There are no well-controlled studies in pregnant women; therefore, use diltiazem hydrochloride in pregnant women only if the potential benefit justifies the potential risk to the fetus.

Nursing Mothers

Diltiazem is excreted in human milk. One report with oral diltiazem suggests that concentrations in breast milk may approximate serum levels. If use of diltiazem hydrochloride is deemed essential, an alternative method of infant feeding should be instituted.

Pediatric Use

Safety and effectiveness in pediatric patients have not been established.

Geriatric Use

Clinical studies of diltiazem did not include sufficient numbers of subjects aged 65 and over to determine whether they respond differently from younger subjects. Other reported clinical experience has not identified differences in responses between the elderly and younger patients. In general, dose selection for an elderly patient should be cautious, usually starting at the low end of the dosing range, reflecting the greater frequency of decreased hepatic, renal, or cardiac function, and of concomitant disease or other drug therapy.

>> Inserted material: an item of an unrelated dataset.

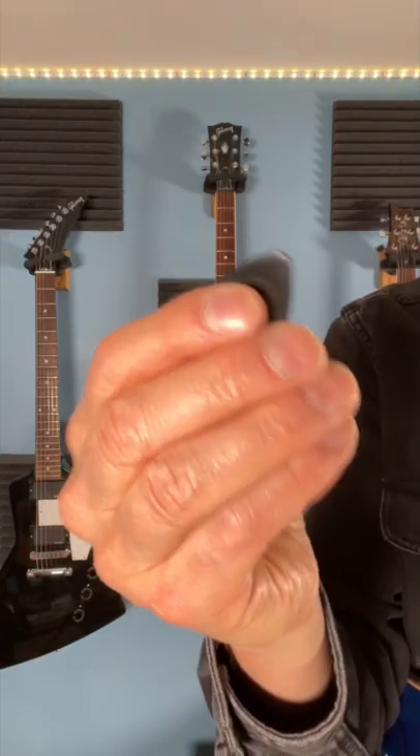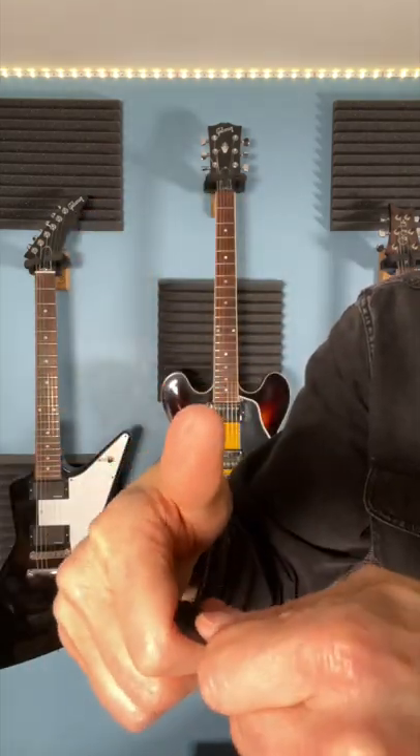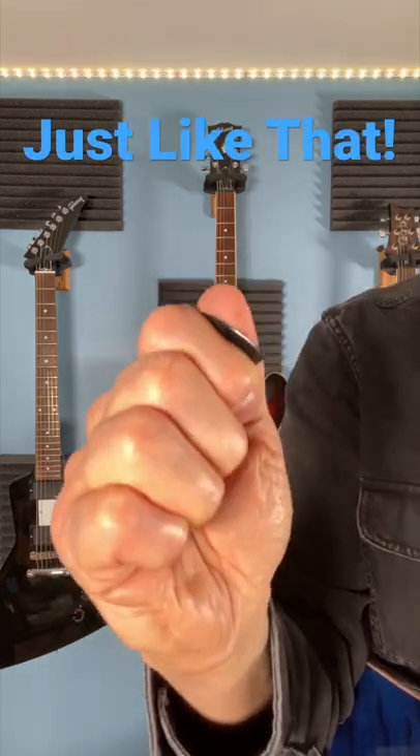How should you be holding the pick? Let's take a look. Do thumbs up like this, take your pick, take the butt end of your pick right here, stick it right here into the crease of the second knuckle of your hand, so your hand is in a loose fist with the pick at a 90 degree angle, just a little bit of the pick showing.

Atrial fibrillation or atrial flutter

In clinical studies with diltiazem hydrochloride injection for AF/Fl, 135 of 257 patients were over 65 years of age. No overall differences in safety or effectiveness were observed between these patients and younger patients, and other reported clinical experience has not identified differences in responses between the elderly and younger patients, but greater sensitivity of some older individuals cannot be ruled out.

In subgroup analysis of double-blind and open-label trials following first-dose response, 116 patients over 65 years of age had a response rate of 84%. One hundred two (102) patients <65 had a response rate of 78%. In subgroup analysis following a two-dose procedure in double-blind and open-label studies, 104 patients over 65 years of age and 95 patients <65 both had a 95% response rate.

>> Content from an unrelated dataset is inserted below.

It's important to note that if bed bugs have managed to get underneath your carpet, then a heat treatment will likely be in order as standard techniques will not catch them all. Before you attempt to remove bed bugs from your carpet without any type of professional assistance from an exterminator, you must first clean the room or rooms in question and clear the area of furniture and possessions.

Paroxysmal supraventricular tachycardia

Clinical studies of diltiazem hydrochloride injection for PSVT did not include sufficient numbers of patients aged 65 and over to determine whether they respond differently from younger patients. Other reported clinical experience has not identified differences in responses between the elderly and younger patients. In general, dose selection for an elderly patient should be cautious, usually starting at the low end of the dosing range, reflecting the greater frequency of decreased hepatic, renal, or cardiac function, and of concomitant disease or other drug therapy.

Diltiazem hydrochloride is extensively metabolized by the liver and excreted by the kidneys and in bile. The risk of toxic reactions to this drug may be greater in patients with impaired renal or hepatic function. Because elderly patients are more likely to have decreased renal function, care should be taken in dose selection, and it may be useful to monitor renal function. As with all drugs, care should be exercised when treating patients with multiple medications (see PRECAUTIONS, General, and Drug Interactions.)

ADVERSE REACTIONS

The following adverse reaction rates are based on the use of diltiazem hydrochloride injection in over 400 domestic clinical trial patients with atrial fibrillation/flutter or PSVT under double-blind or open-label conditions. Worldwide experience in over 1,300 patients was similar.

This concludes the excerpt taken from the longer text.